Segment Start: Provided data

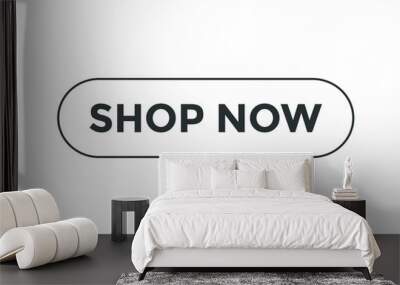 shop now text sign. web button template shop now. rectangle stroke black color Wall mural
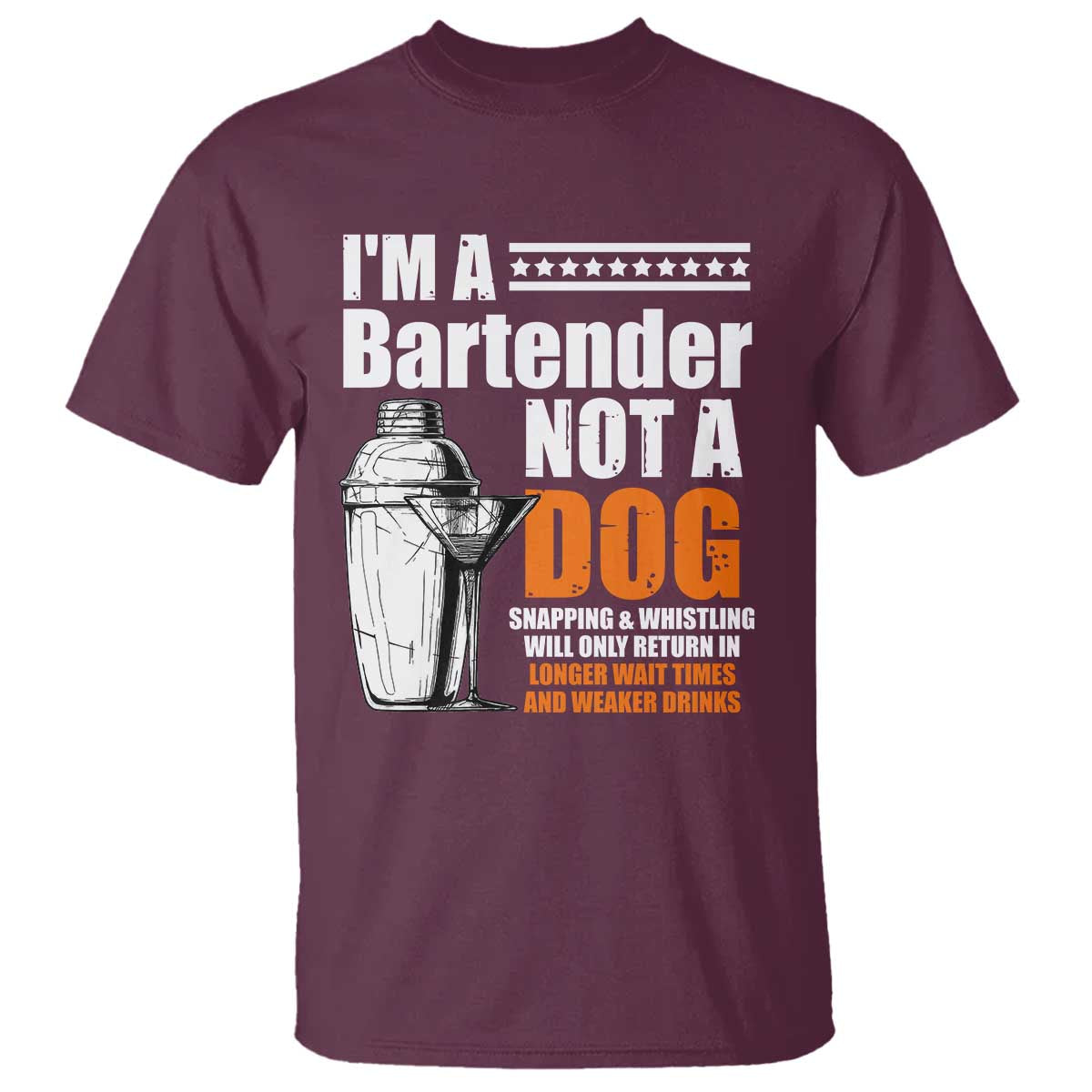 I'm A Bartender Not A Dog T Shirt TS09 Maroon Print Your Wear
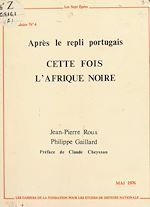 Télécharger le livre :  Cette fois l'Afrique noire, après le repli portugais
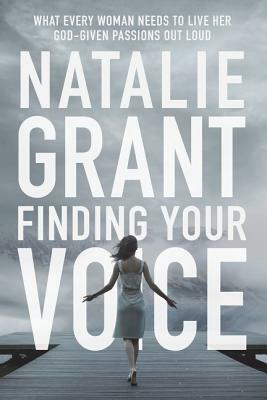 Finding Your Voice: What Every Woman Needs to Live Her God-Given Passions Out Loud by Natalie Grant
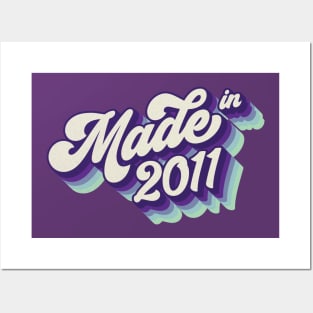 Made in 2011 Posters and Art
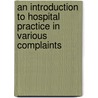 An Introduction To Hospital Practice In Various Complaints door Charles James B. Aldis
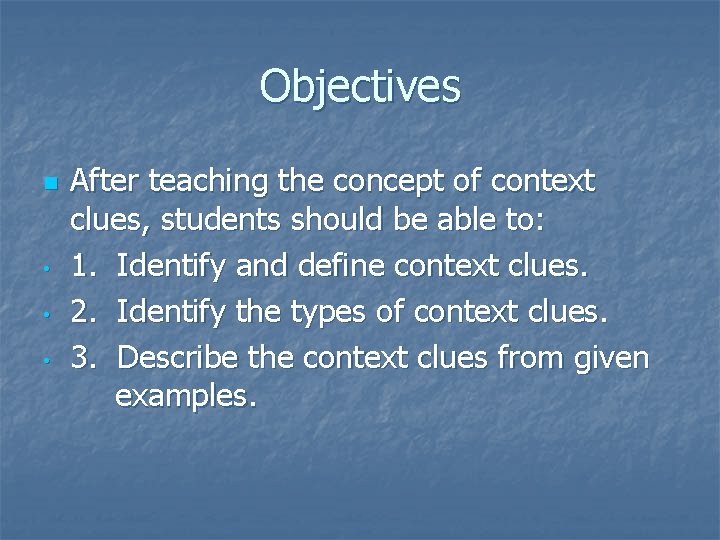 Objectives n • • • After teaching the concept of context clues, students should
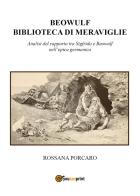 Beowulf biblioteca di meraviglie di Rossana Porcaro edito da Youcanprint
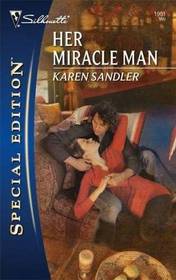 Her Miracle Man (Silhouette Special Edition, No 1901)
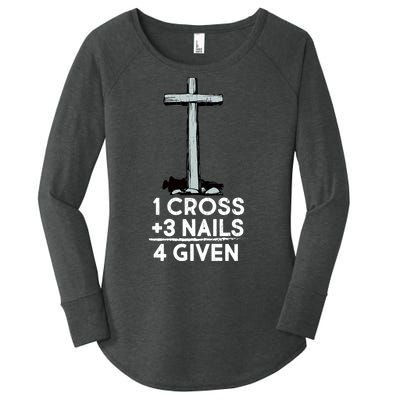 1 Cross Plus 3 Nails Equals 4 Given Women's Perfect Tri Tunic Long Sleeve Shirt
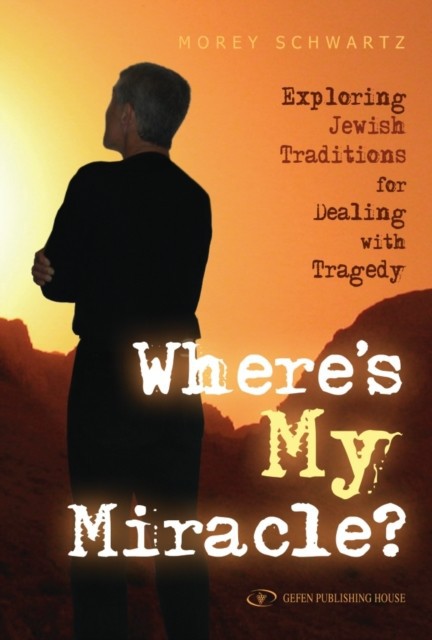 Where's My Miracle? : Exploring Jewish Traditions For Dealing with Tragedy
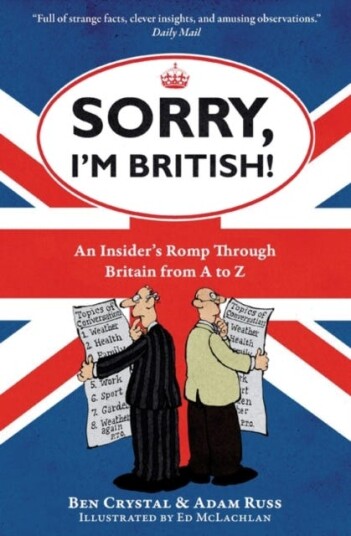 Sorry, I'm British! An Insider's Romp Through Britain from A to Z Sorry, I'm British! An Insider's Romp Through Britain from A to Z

Segment End: Provided data
Segment Start: Provided data

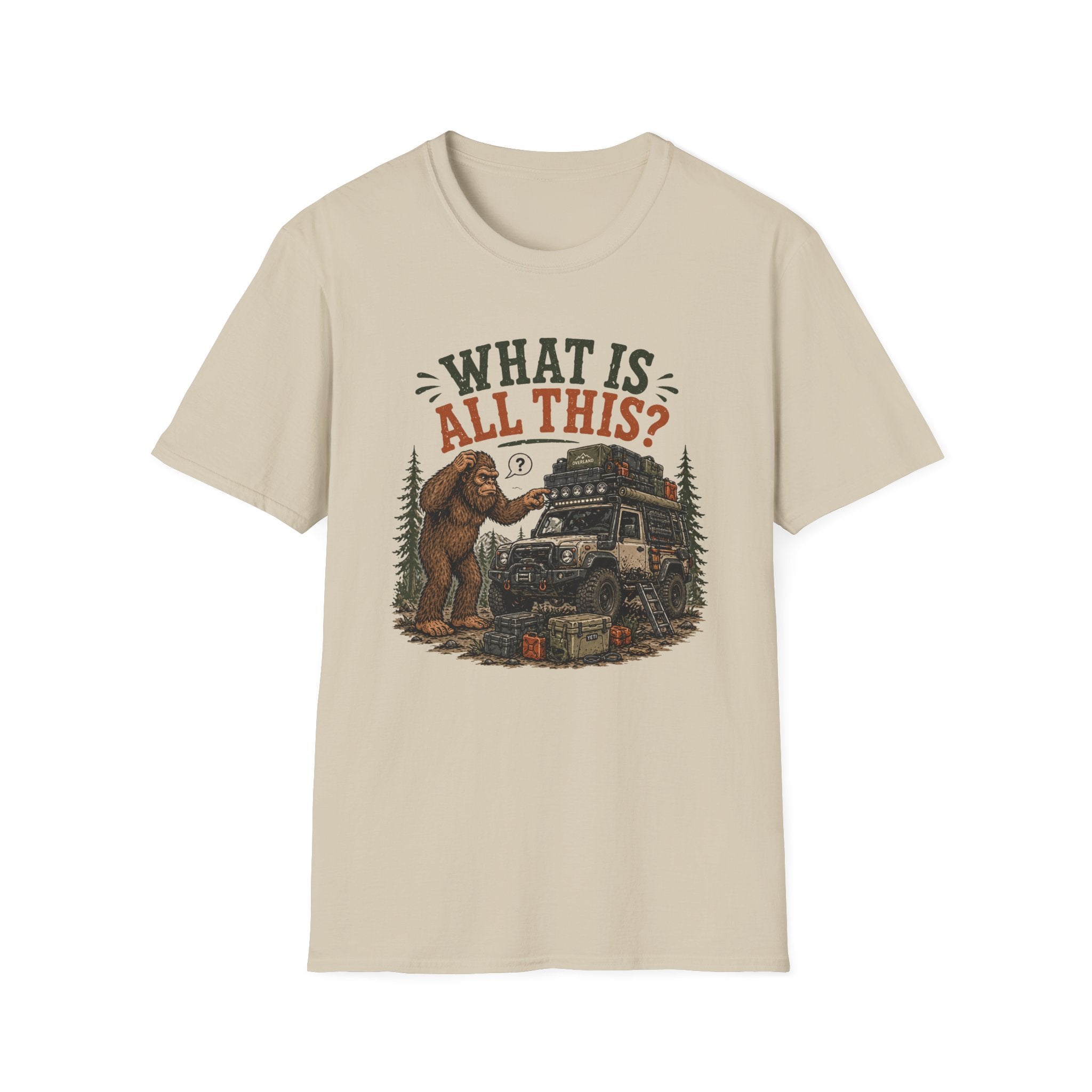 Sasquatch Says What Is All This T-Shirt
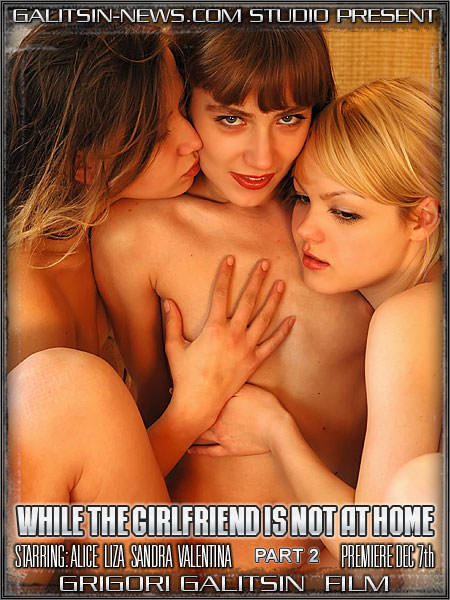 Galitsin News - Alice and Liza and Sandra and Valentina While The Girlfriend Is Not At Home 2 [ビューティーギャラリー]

Segment End: Provided data

## Goal of the exercise:
Without the pictures, set down the lines above from the line with "Made in 2011 Posters and Art" up to and including the line with "Z Sorry, I'm" exactly as they stand.

## Answer section:
 Made in 2011 Posters and Art
 An Introduction To Hospital Practice In Various Complaints door Charles James B. Aldis
 Objectives n • • • After teaching the concept of context clues, students should
 Beowulf biblioteca di meraviglie di Rossana Porcaro edito da Youcanprint
 Her Miracle Man (Silhouette Special Edition, No 1901)
 1 Cross Plus 3 Nails Equals 4 Given Women's Perfect Tri Tunic Long Sleeve Shirt
 Where's My Miracle? : Exploring Jewish Traditions For Dealing with Tragedy
 Sorry, I'm British! An Insider's Romp Through Britain from A to Z Sorry, I'm British! An Insider's Romp Through Britain from A to Z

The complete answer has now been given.